При разборе Великого канона профессор И.А. Карабинов усмотрел определенную структуру в каждой его песни. Так, он утверждает, что преподобный Андрей в первой части каждой из песней беседует со своей душой, а во второй — обращается с воплем к Богу о помиловании. И.А. Карабинов отмечает, что в песнях канона не всегда сохранена точная библейская хронология. Так, преподобный Андрей говорит о всемирном потопе после упоминания о гибели Содома и Гоморры. И.А. Карабинов указывает также, что библейские повествования даются в первых восьми песнях канона, тогда как новозаветные — только в девятой [11].
Однако изучение Великого канона Андрея Критского в переводе профессора Е.И. Ловягина позволяет обнаружить, что во всех песнях канона начиная с самой первой, где повествуется о создании человека и о его грехопадении, есть тропари, полностью построенные на новозаветных откровениях, касающихся законов новозаветной благодати. Уже в 1-й песни преподобного Андрея захватывает образ кающегося блудного сына, а также образ доброго самарянина [12].
Строение Великого канона
Намерение рассмотреть Великий канон преподобного Андрея Критского побуждает нас изучить его как со стороны его построения, так и с точки зрения особенностей его содержания. Великая святоградская стихира, или Великий канон преподобного Андрея, при его обширности имеет вместе с тем отчетливо выраженную структуру. Преподобный пастырь начинает свое исповедание Богу, как бы раздумывая над делами своей жизни, и сразу же встает на путь спасительного покаяния и приношения Богу покаянных слез. Это раздумье дается как от лица самого Преподобного, так и от лица всех людей, обретающихся пред Богом в акте спасительного самовоззрения и самоанализа. Святой Андрей находит такой образ обращения к Богу, что в глубокой христианской любви своей словно берет каждую человеческую душу, вместе с ней вздыхает о неправдах жития и вместе с ней ищет, просит выхода.
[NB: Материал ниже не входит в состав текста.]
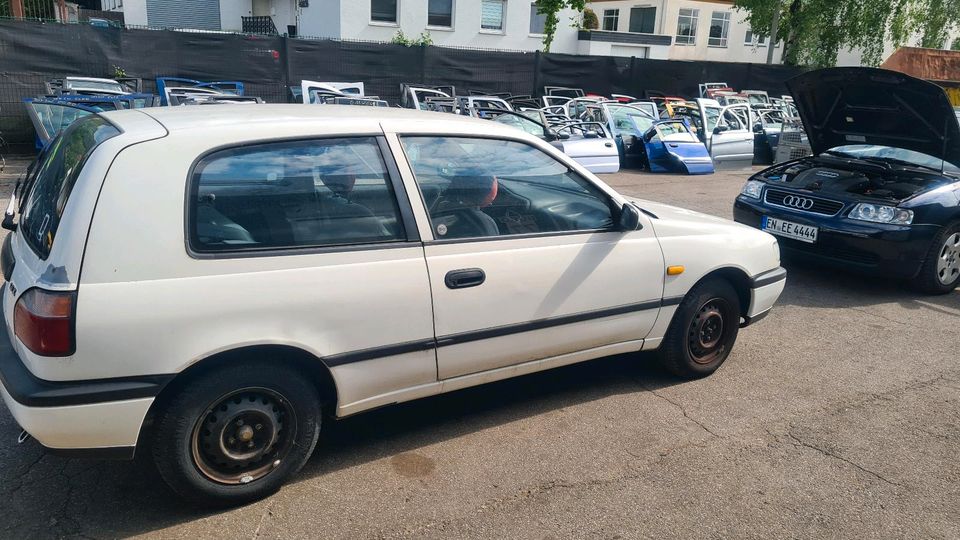 Nissan Sunny N14 Stoßstange Kotflügel  Heckklappe in Gevelsberg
Откуду начну плакати окаяннаго моего жития деяний,— слышим мы первые слова первого тропаря канона вечером в первый день Великого поста. Мы ждем этих слов, глубоко вздыхаем вместе с преподобным творцом канона и вместе с ним уходим в глубину его размышлений. Кое ли положу начало, Христе, нынешнему рыданию,— продолжает Преподобный,— но яко благоутробен, даждь ми прегрешений оставление [13].
Это — начало, как бы введение ко всему последующему произведению. Еще один тропарь, приглашающий душу человека с его телесным составом исповедаться Богу,— и преподобный Андрей начинает свои библейские аналогии, прилагая их к состоянию человеческой души. Сказания Ветхого Завета в устах Преподобного полны раздумья над сущностью человеческих дел, они постепенно с большой глубиной, состраданием и любовью предносятся, предлагаются кающейся душе.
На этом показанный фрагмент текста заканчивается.